By Manuel Valdes and Matt Volz
The Associated Press
DARRINGTON, Wash. — Weary rescuers in hip waders pressed through rain and their own exhaustion Thursday, searching for more bodies and perhaps a miracle atop the pile of filth and debris that laid waste to a Washington town and killed at least 25 people.
Rescue and cadaver dogs occasionally led crews to a wrecked car or the ruins of a house containing a body. Teams then began removing the corpse, ignoring the muck that clogged their tools. As the victim was taken away, silence fell over the site.
The main goal now is to find more bodies and winnow the list of the 90 people who are still missing in the mudslide that buried the community of Oso on Saturday.
Authorities kept the official death toll at 16 while acknowledging at least nine additional bodies have been located, but they warned the community a higher toll would be announced Friday morning.
“I fully expect that number to go up here very, very soon,” said Snohomish County District 21 Fire Chief Travis Hots.

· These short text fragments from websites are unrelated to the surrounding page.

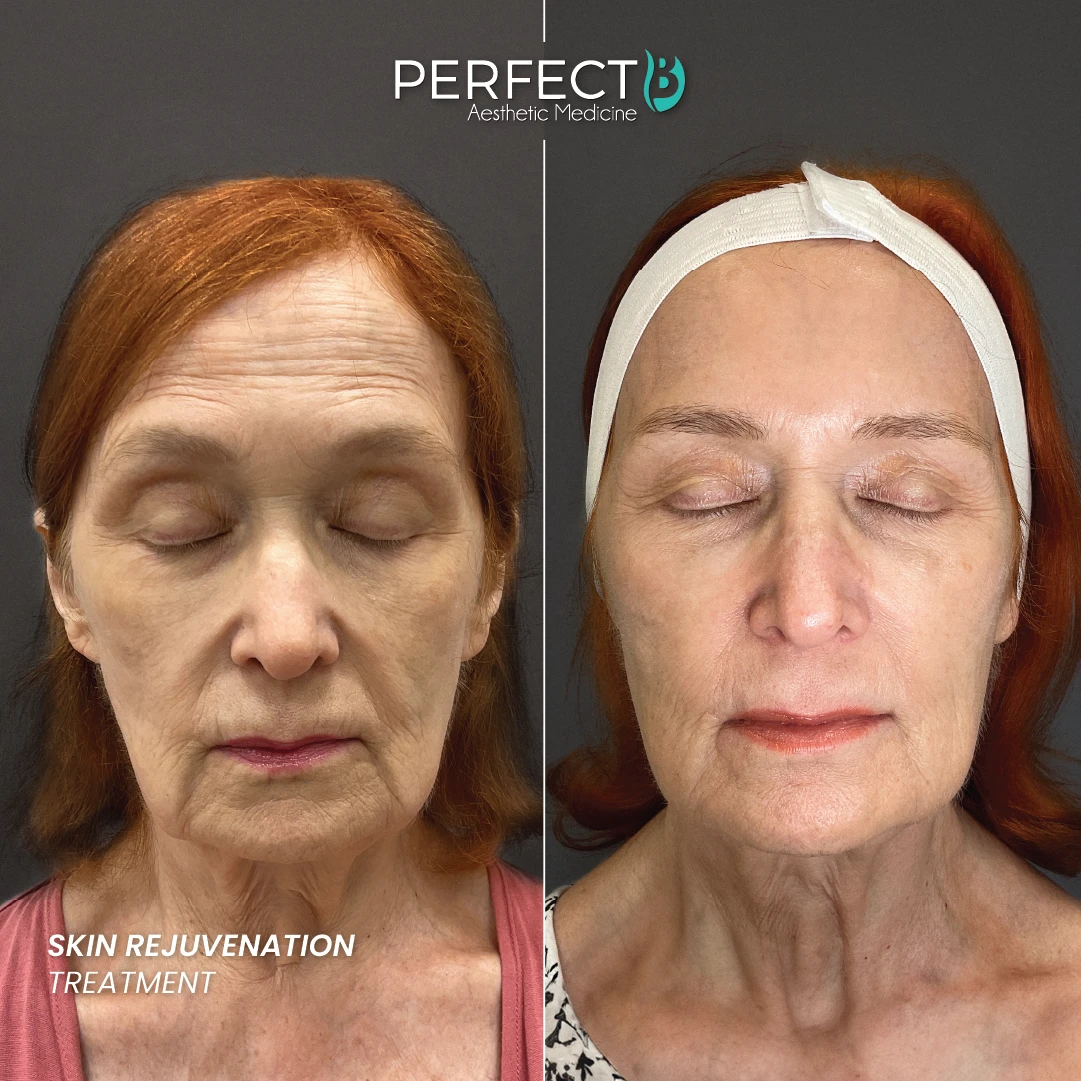 Skin Rejuvenation Treatment - Perfect B - Case 9102 - 1080 x 1080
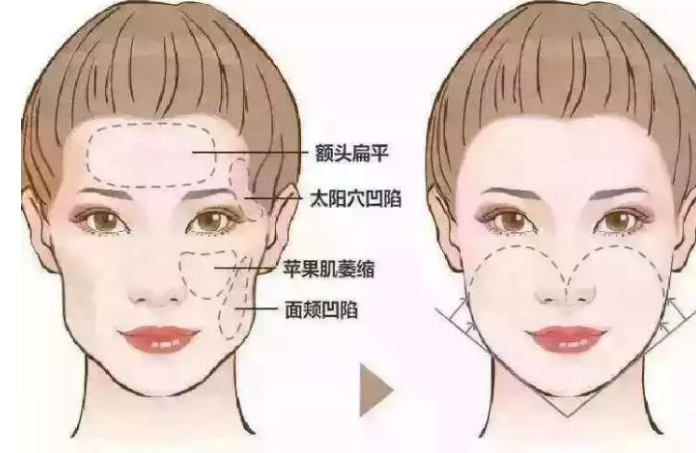 21ab7a8546ca434ab1d007d015b7631b.png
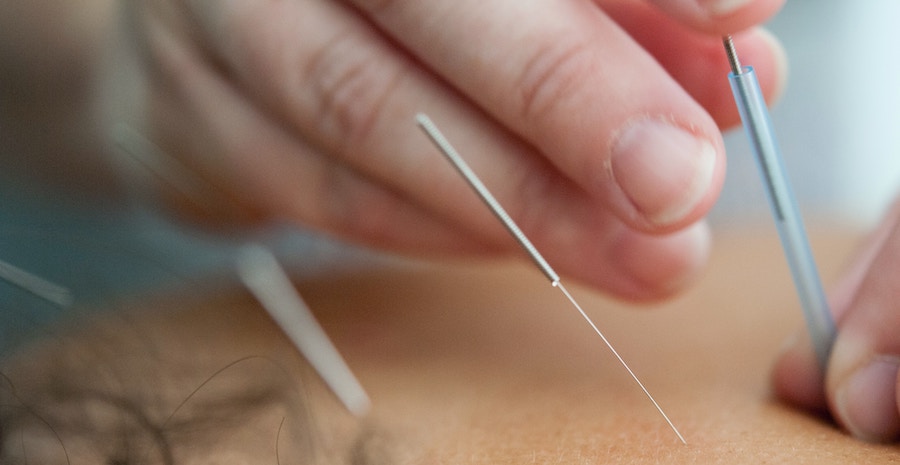 Akupunktur bei Prostatavergroesserung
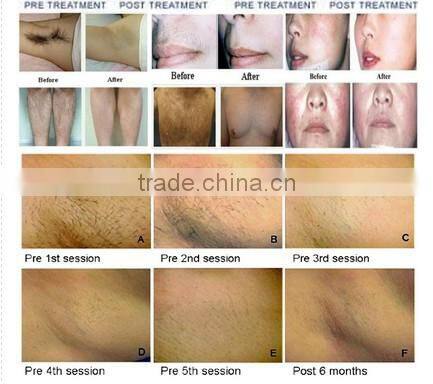 808nm laser diode price/cheap laser hair removal machine/laser diode 50w
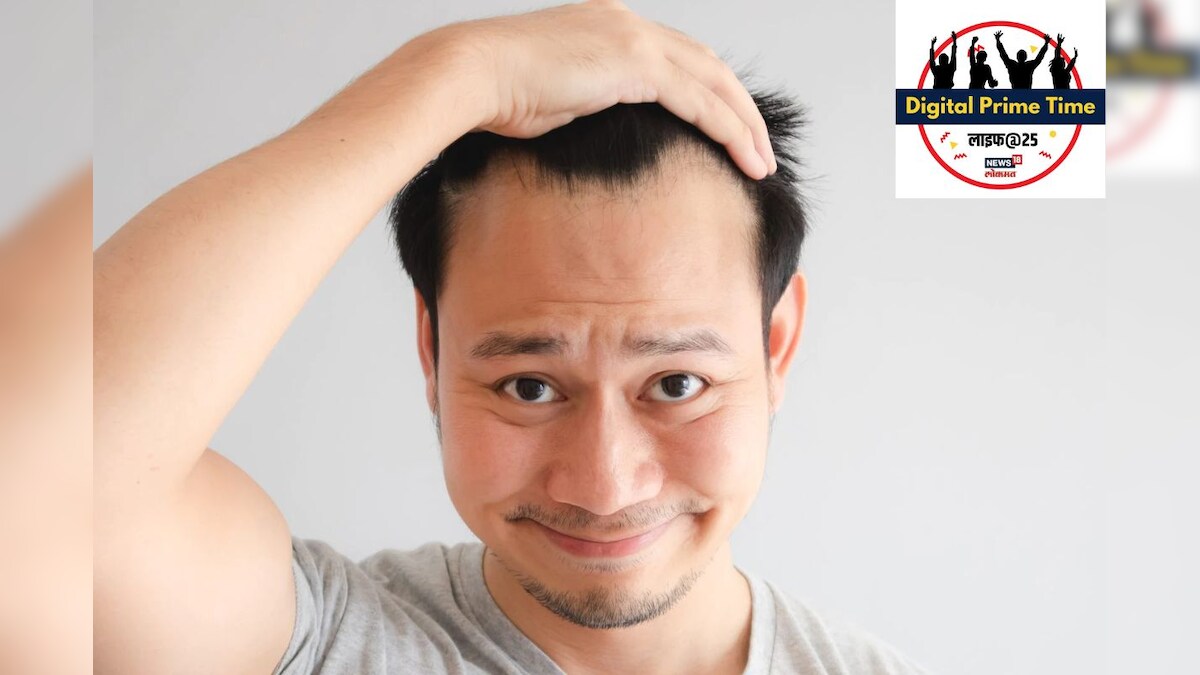 How To Prevent Hair Loss In Men Men Should Follow These Tips To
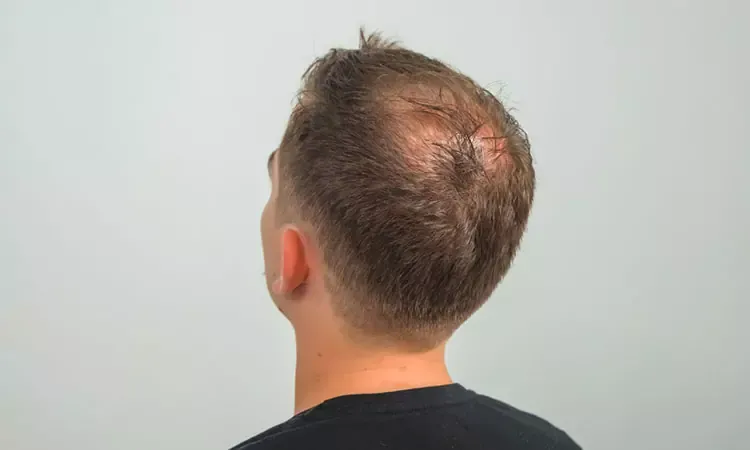 Male pattern baldness? Here are 5 effective ways to help you manage better.  | Dr Batra's™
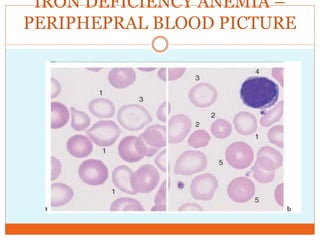IRON DEFICIENCY ANEMIA –
PERIPHEPRAL BLOOD PICTURE
 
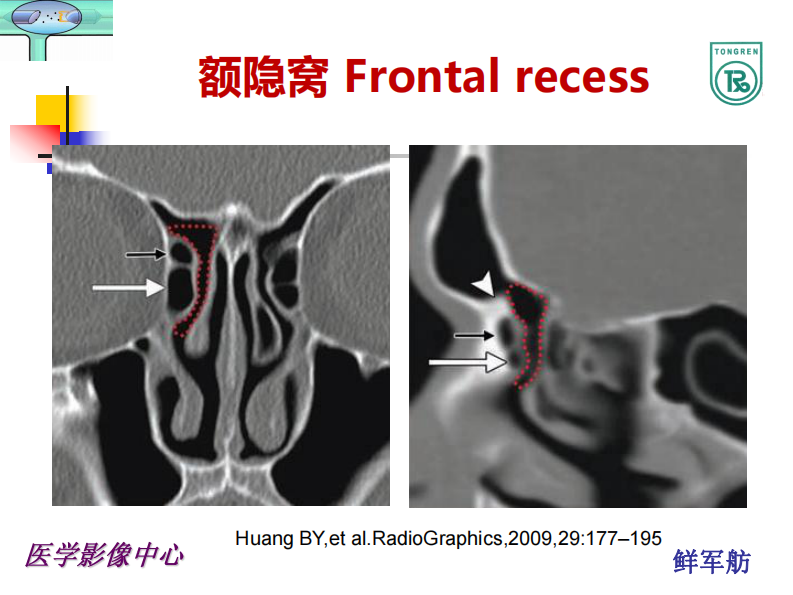 额隐窝及解剖变异与意义--鲜军舫.pdf 第4页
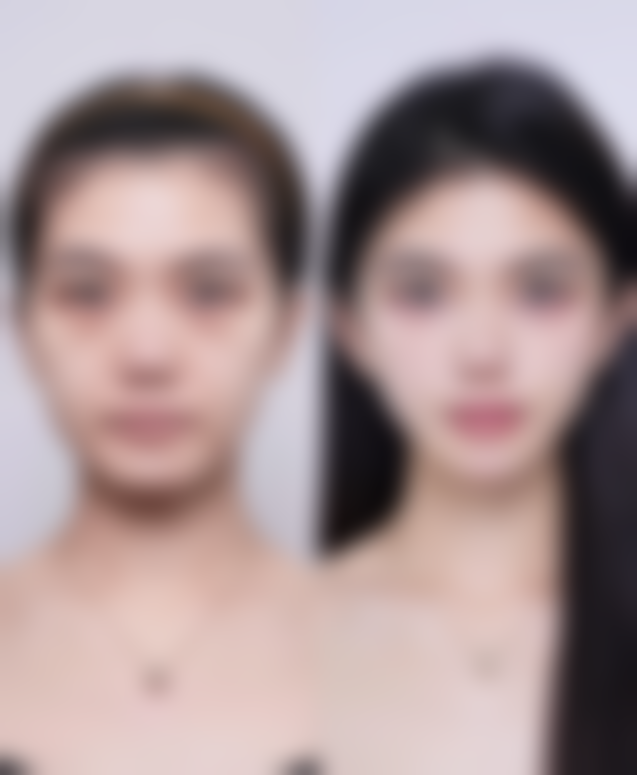 在正规医院做抽脂手术,对身体伤害一般大吗?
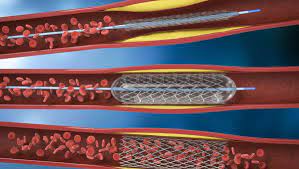 Véritable problème de santé publique, le cholestérol concernerait plus de 20 % de la population adulte française. Angioplastie Stents Deroulement Risques Et Convalescence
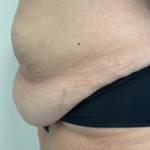 Abdominoplasty Before & After Patient #7727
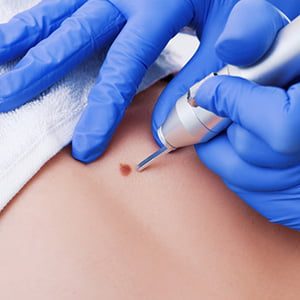 Cryotherapy Cryotherapy (Remove Warts, Cysts, Pigmentation & More)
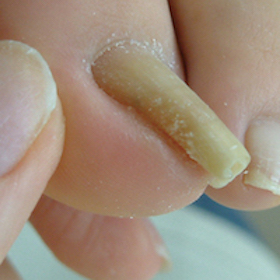 渦巻き型2 施術前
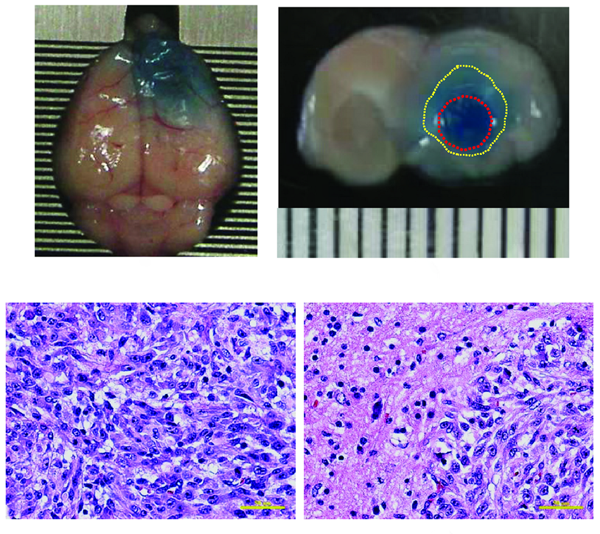 نفوذ رنگ اوانس بلو به سد خونی مغزی در اثر القا تومور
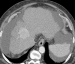 Aktuelles Bild - Abb. 1a: MDCT
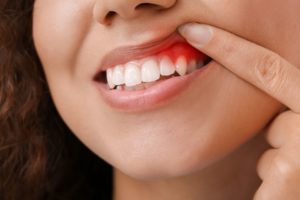 Nose to chin view of a woman with brown hair pulling her gum back with her finger to reveal swollen gums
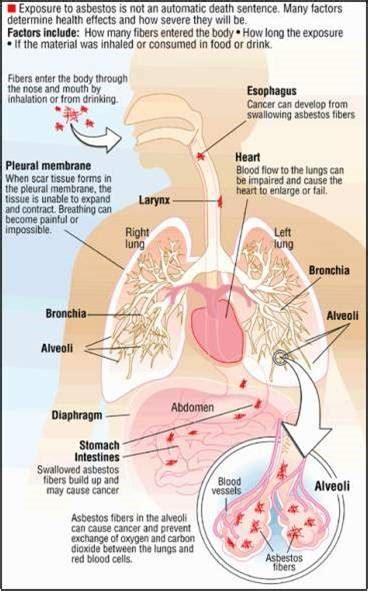 Mesothelioma paling banyak menyerang pria karena paparan asbes yang tinggi dalam pekerjaan jenis industri. ASBES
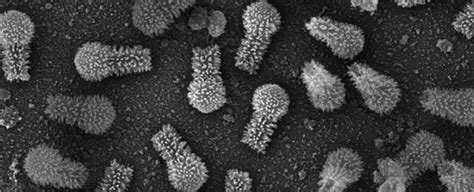 These Viruses Found In Brazil Are So Huge They Re Challenging What We Think A Virus Is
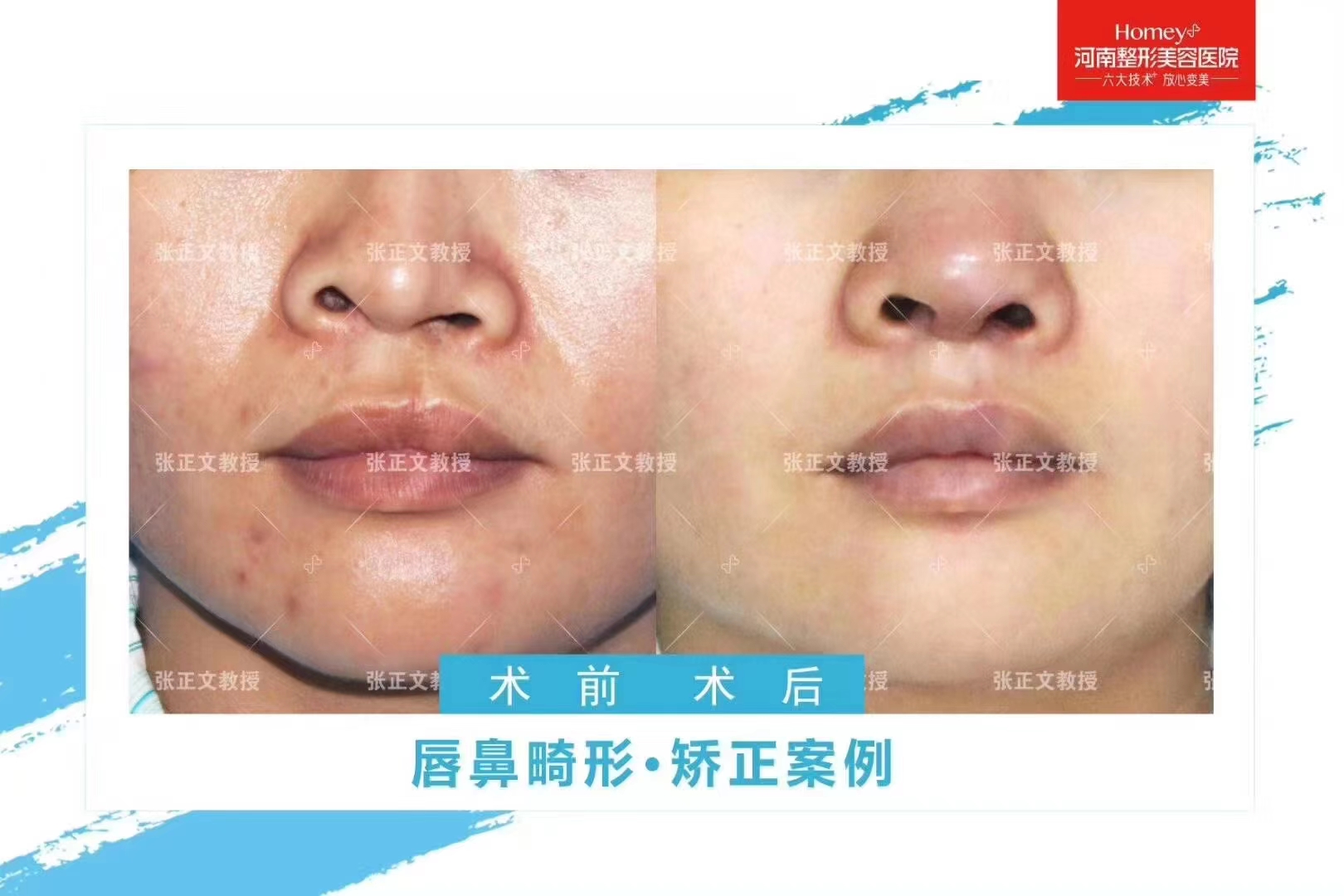 如何選擇適合自己的提臀手術(shù)方案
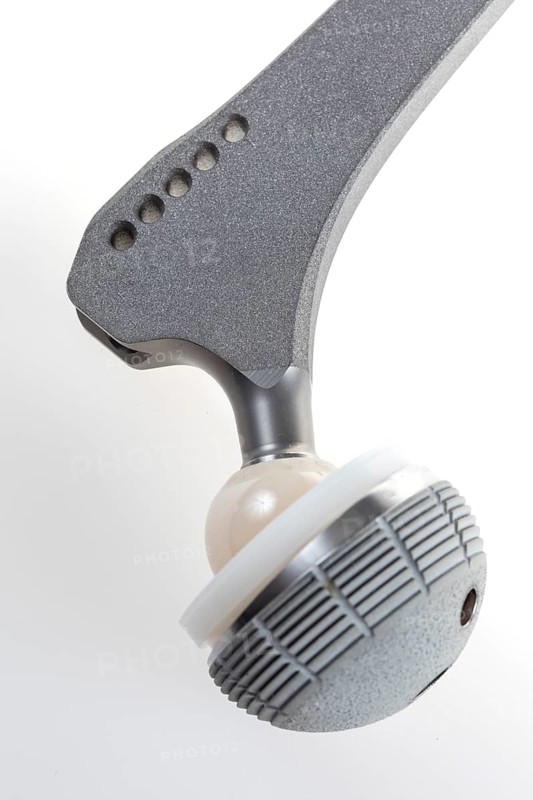 Endoprosthesis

At this point, narrowing the missing list means only one thing: digging. There are no more phone calls to relatives or door-to-door searches in hopes of locating people who just haven’t checked in yet.
“At this time, we’re not using any other type of methods other than the search and rescue,” said Casey Broom of the Snohomish County emergency operations center.
Authorities have not released the names on the list of missing.
The more than 200 people working on the sludgy heap cling to hope that at least one survivor is waiting for them in some pocket of the pile, which is a square mile wide and 40 feet deep in places.
“My heart is telling me I’m not giving up yet,” Hots said. “If we find just one more person alive, it’s all worth it to me.”
After six days of searching, people perhaps aren’t the only ones showing signs of strain. Shane Barco’s 3-year-old German shepherd has found bodies and body parts. But, Barco said, the dog gets frustrated when they don’t bring anybody out alive.
Days of combing through what Barco called a blender of debris have exhausted the dog, leading Barco to stop the search for a while.
The medical examiner’s office has so far formally identified three victims: Christina Jefferds, 45, of Arlington; Stephen A. Neal, 55, of Darrington; and Linda L. McPherson, 69, of Arlington.